There is a real reason and it’s actually a reflection of a much larger trend in the industry. Technology companies are starting to embrace a more holistic approach to design. As technology becomes more advanced and accessible companies are shifting away from the model of endlessly adding features and starting to focus on delivering simple and pleasant experiences that solve real problems. Design thinking and the ability to connect with the end user of a product are becoming an increasingly significant competitive advantage for technology companies. That means that design is becoming more deeply integrated into the product development process and the role of a modern designer is starting to evolve.
While the evolution is exciting, as a designer it can be difficult to know exactly what your role is and even more difficult to describe that role to someone else. For the longest time I struggled to come up with a simple description of Digital Product Design that really resonated with people.
That changed when I started at Tech-Mantra. I came on board as the first Product Designer and I was asked to give a “What is Product Design?” presentation for some of the managers and engineers. It’s pretty much the most fundamental question you can be asked as an employee, “what do you do here?” and I was worried that I wouldn’t be able to give a compelling answer. So fueled by some healthy panic I came up with a way of describing things that really clicked with people, and actually helped influence the way I think about my own job.

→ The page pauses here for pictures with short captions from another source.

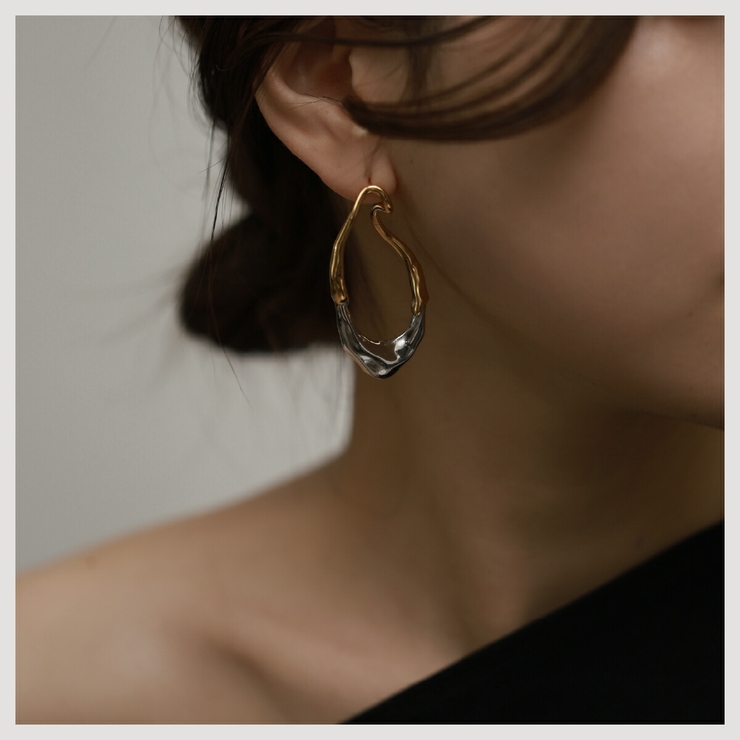 【CRAIFE】ピアス 大ぶり 金属アレルギー対応 両耳セット | CRAIFE | 詳細画像8 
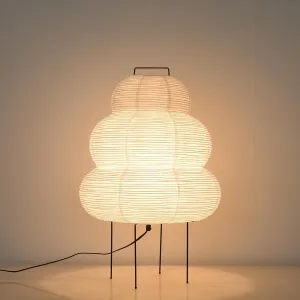 Desk Rice Paper Floor Light,15.75" Nordic Design Floor Lamp,Rice Paper Lantern Bedside Light,Living Room Desk Lamp Bedrooms Paper Desktop Lights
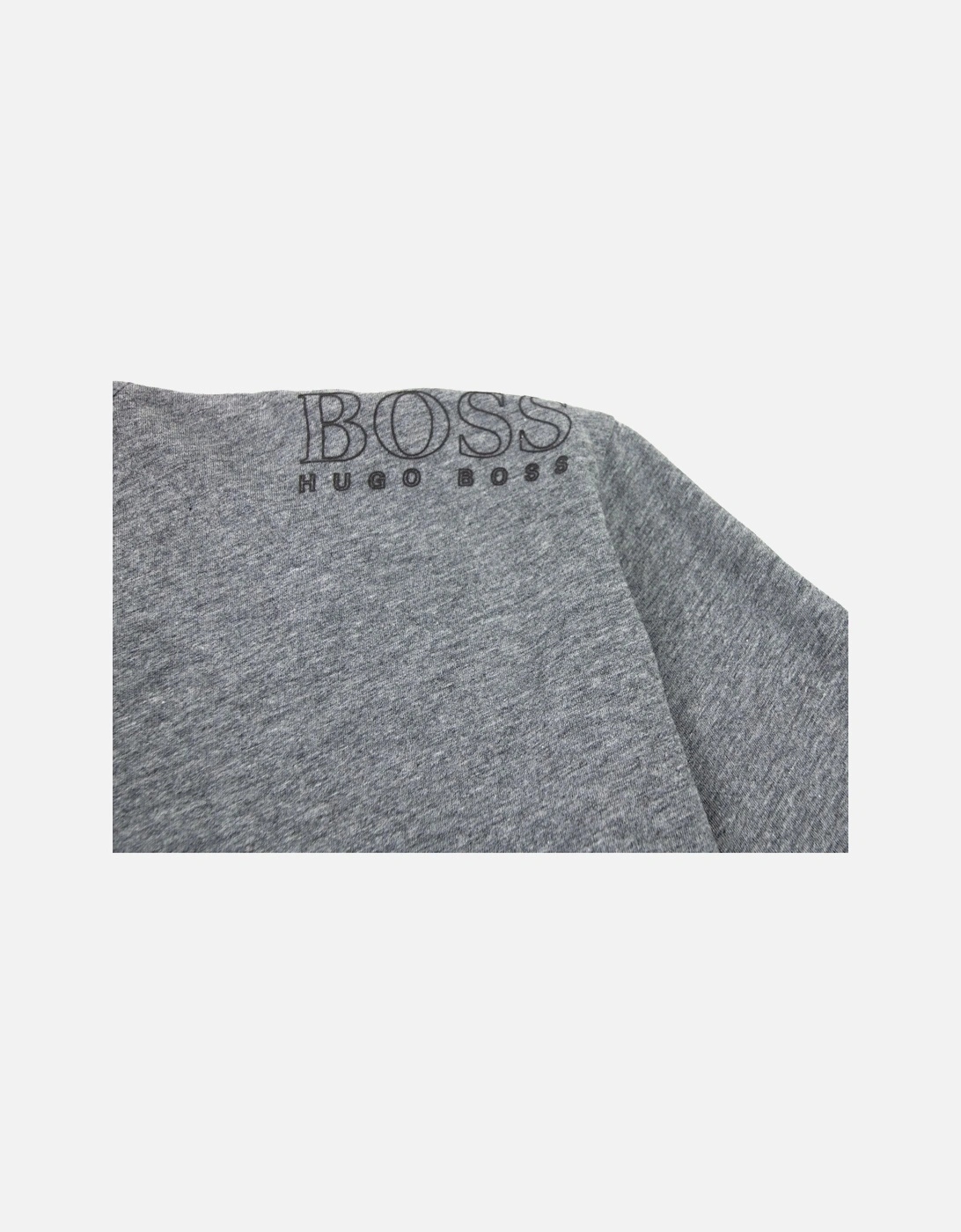 Regular-fit T-shirt With Contrast Logo Grey 037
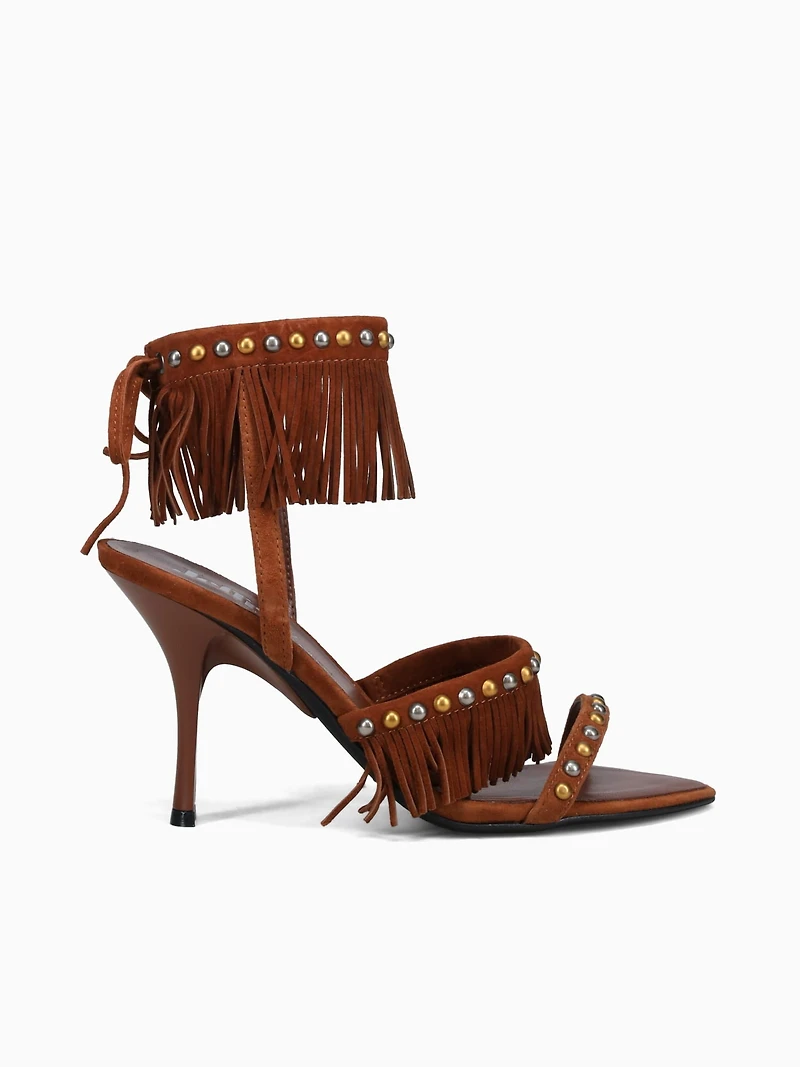 Saige Tan Kid Suede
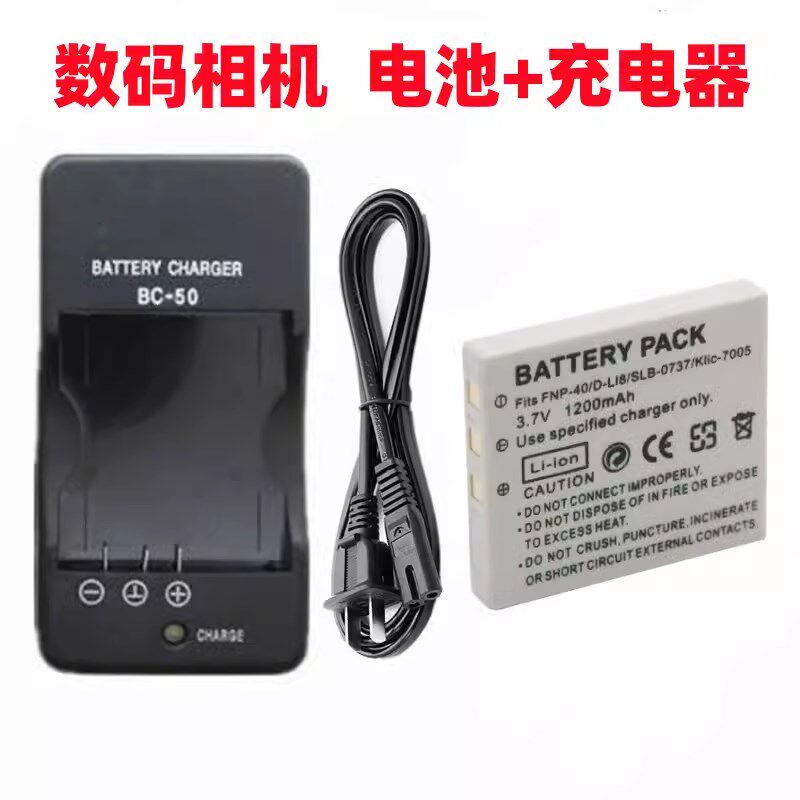爱国者DC-T30 T60 T1028 T1260 V780 F100 F200照相机电池+充电器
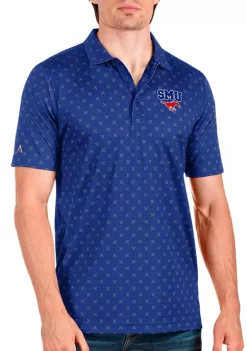 Best reviews of ⭐ NCAA SMU Mustangs Mens Spark Polo by Antigua® ❤️ -Deals Antigua® Store Belk 7753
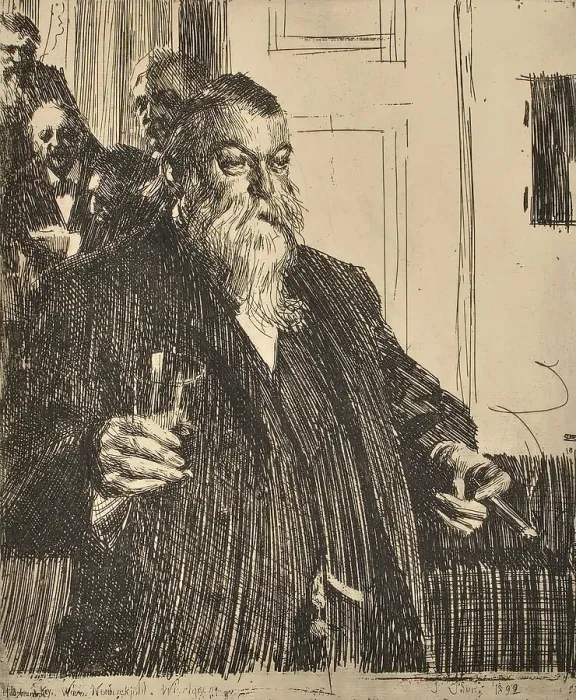 Framed Print : Portrait, 1893. Creator: Anders Leonard Zorn Framed Print : Portrait, 1893. Creator: Anders Leonard Zorn
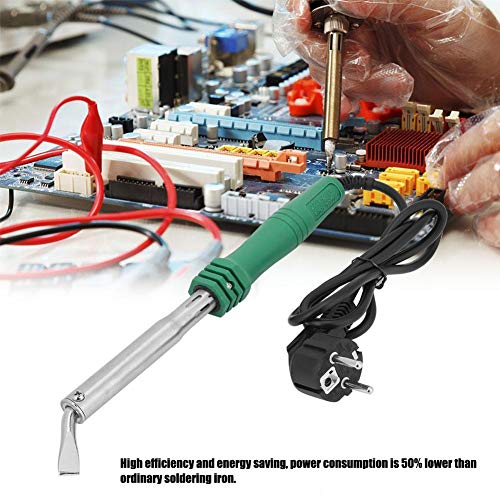100W de temperatura ajustable pistola de soldadura eléctrica soldadura herramienta de calefacción de hierro enchufe de la UE 220V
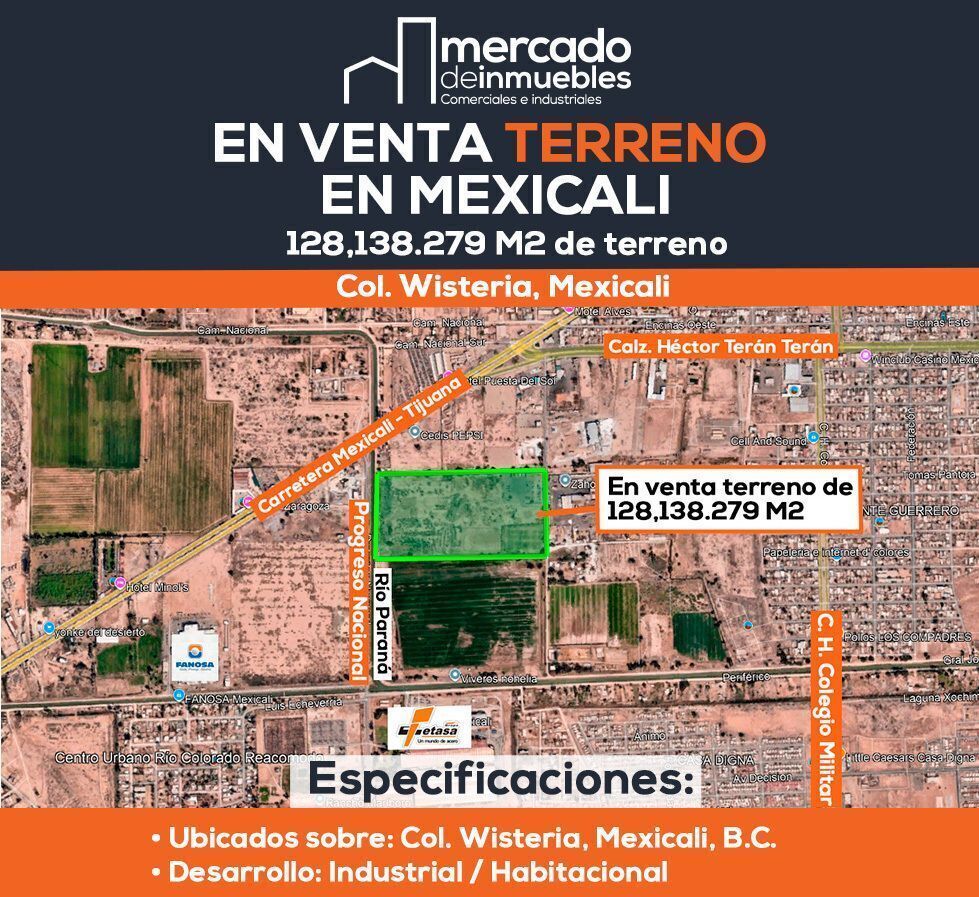 ‼En VENTA Terreno Industrial/habitacional en Mexicali‼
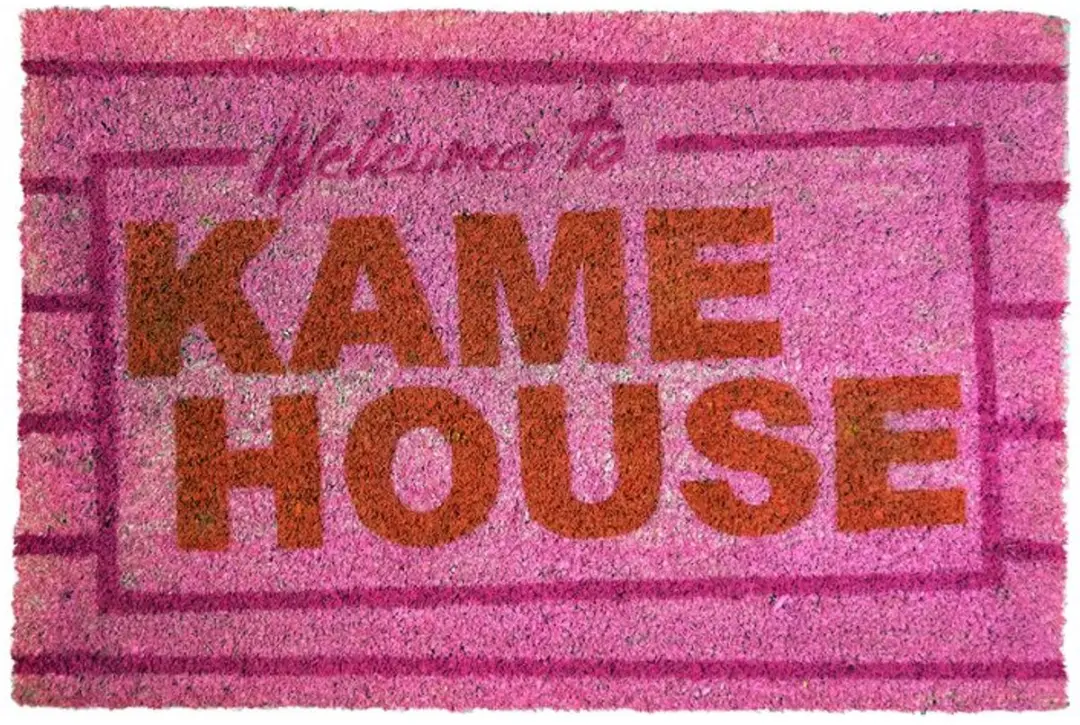 SD Toys Dragon Ball Z Kame House Deurmat 40x60cm Roze - afbeelding 2 van 3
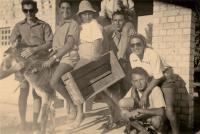 In Kibbutz Ginegar - 1949 on donkey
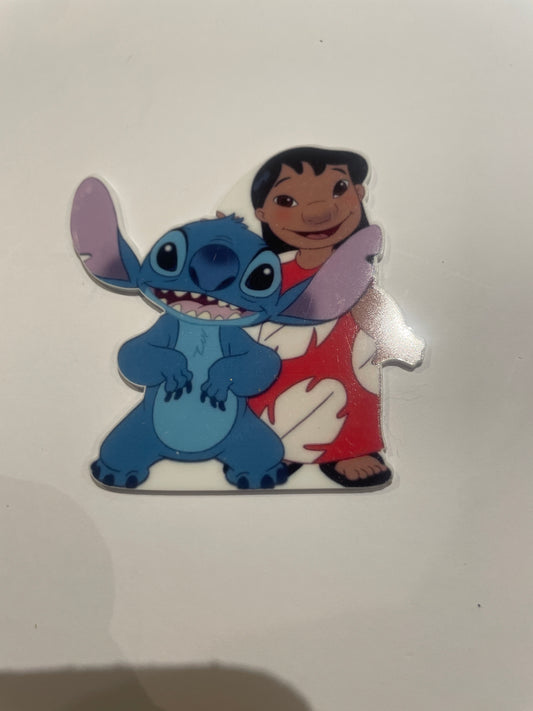 79 Embellishment large lilo and stitch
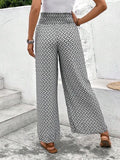 Tied Printed Wide Leg Pants elegancydose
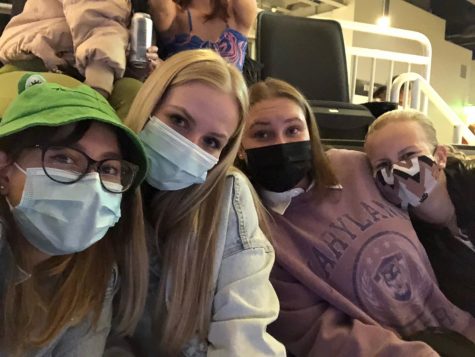 Canal Núñez (far left) and some friends at the Harry Styles concert in Milwaukee in October. Photo submitted by Clara Canal Núñez.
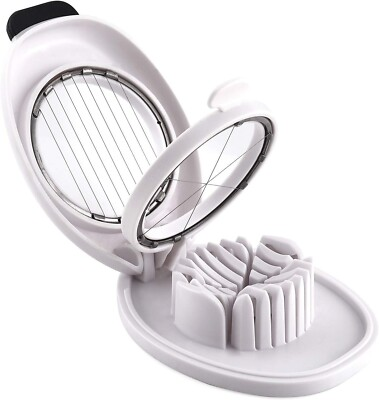 #ad Egg Slicer Dicer Wedger Quick Easy Sharp Stainless Steel Wire Dishwasher Safe $7.89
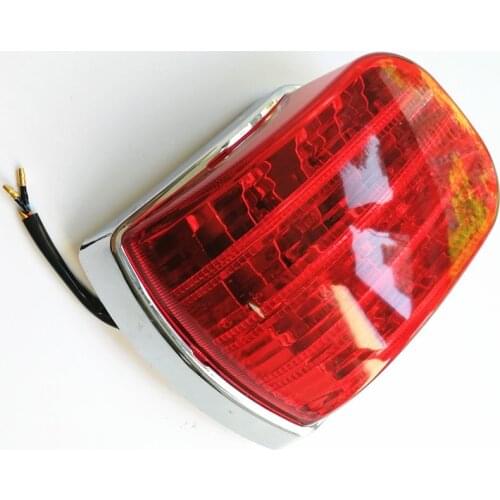 Motorcycle TailLight Rear Chrome LED Lamp for Vespa LML Star Stella Delux PX 125 150 200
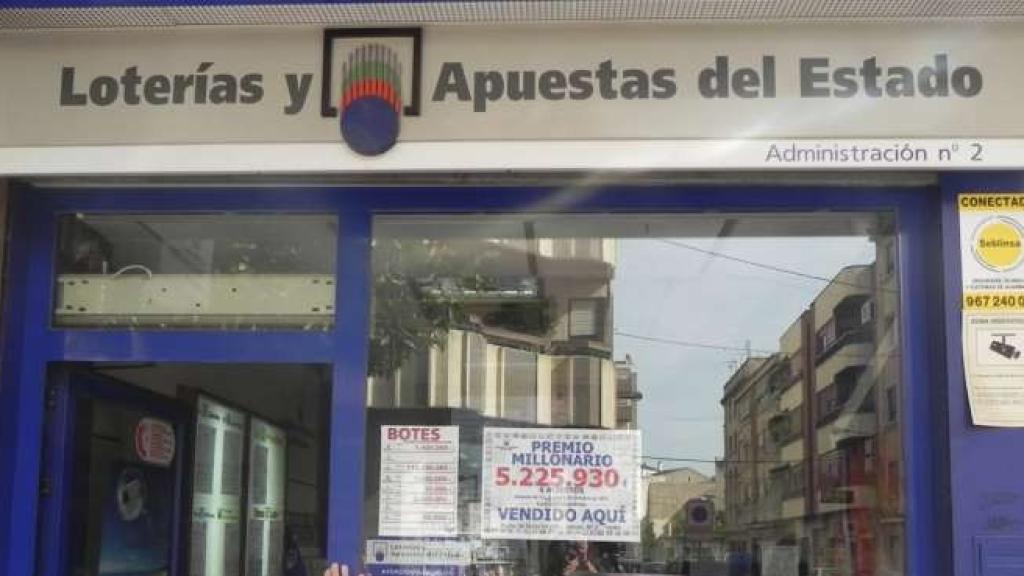 Imagen de archivo de una administración de Loteria.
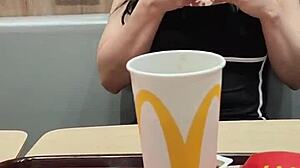 Today, I become the dessert for our intimate couple play.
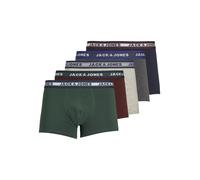 Jack & Jones Shorts 5er-Pack - Herren - 1x dunkelgrau/rot/grün/marine/hellgrau in Größe 52
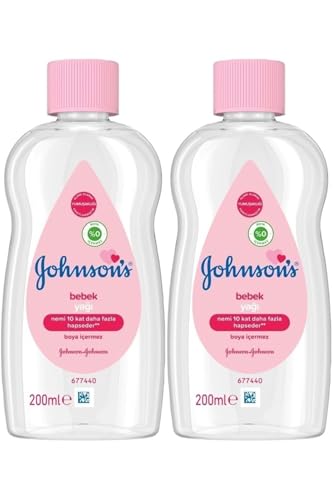 Bebek Yağı, 200 ml, Nemlendirici, 2'li Avantaj Paketi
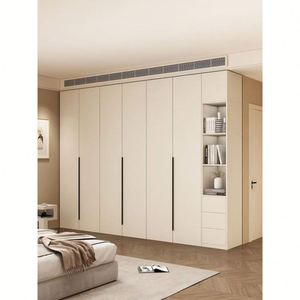 Offre spéciale Armoires combinées à bordure dorée Meubles de garde-robe modernes et modulaires pour vestiaire - Product Image 2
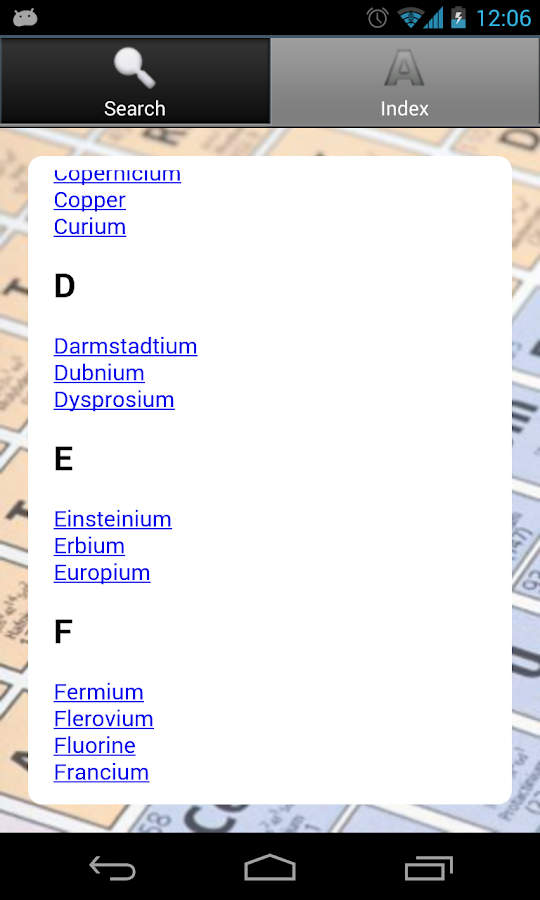 pronunciation periodic elements table Table Play'de  UygulamalarÄ±  Periodic Google Android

I described to the group that the real purpose of designers is to enable people take advantage of very complex technology without forcing them to understand how it actually works.* What designers really create is an abstraction, a mental shortcut built on concepts with which the user is already familiar. In most cases this abstraction will be very different from the way that technology is implemented under the hood, it will be simplified and more in line with how the end user sees the world.
Even though the space is evolving rapidly there is always going to be a need for creative people to shape that layer between the technology and the end user. In fact, that ability to humanize technology is going to become even more critical as the technology itself becomes more more powerful, connected, and more ubiquitous. That’s because the more possible ways there are to solve a problem, the harder it is to choose the right one. However, even as this evolution happens there are two key principles will always be crucial in creating a well-designed product:
Understand your user
Who are they?
This may sound obvious, but you need to know who your users are to effectively design for them. Define the group of people for whom you are designing early and avoid falling into the trap of designing a solution that does everything for everybody.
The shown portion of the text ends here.